== Segment start ==

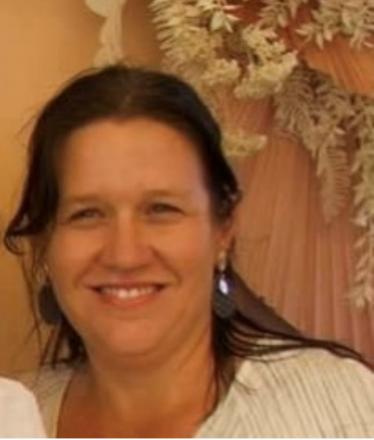 picture of dark haired lady with white top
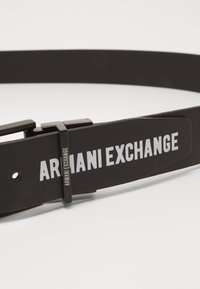 Cintura in pelle nera con fibbia in metallo color argento. Presenta il logo "ARMANI EXCHANGE" in caratteri bianchi in grassetto lungo la cinghia della cintura.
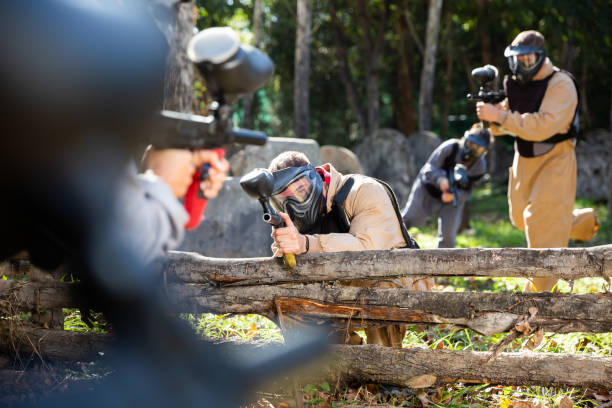 istock Paintball players aiming outdoors 1270002697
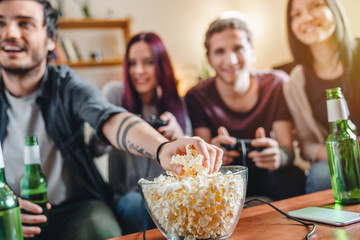 Close up of young man taking popcorn while friends playing video games © InsideCreativeHouse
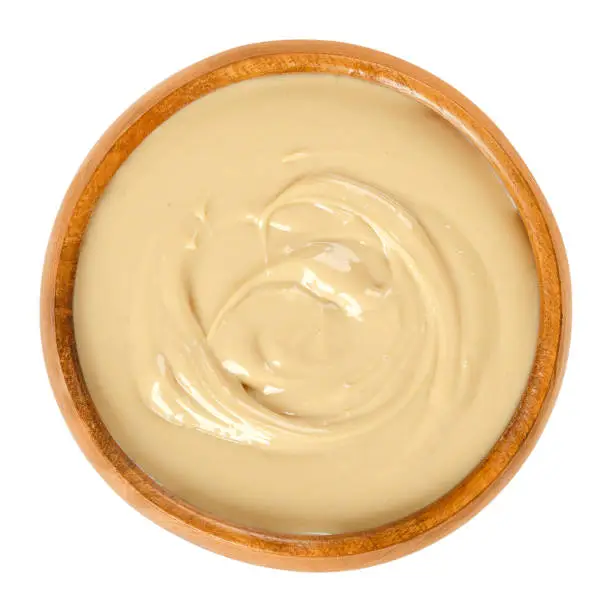 Cashew butter in wooden bowl. Food spread made from roasted cashews. Light brown, smooth food paste. Cream of nuts of Anacardium occidentale. Isolated macro food photo close up from above over white.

== Segment end ==

### Your goal
Restate word for word the lines from the one holding "Cintura in pelle" down through the last line of the records above, and do not include the pictures.

### Problem solution
 Cintura in pelle nera con fibbia in metallo color argento. Presenta il logo "ARMANI EXCHANGE" in caratteri bianchi in grassetto lungo la cinghia della cintura.
 istock Paintball players aiming outdoors 1270002697
 Close up of young man taking popcorn while friends playing video games © InsideCreativeHouse
 Cashew butter in wooden bowl. Food spread made from roasted cashews. Light brown, smooth food paste. Cream of nuts of Anacardium occidentale. Isolated macro food photo close up from above over white.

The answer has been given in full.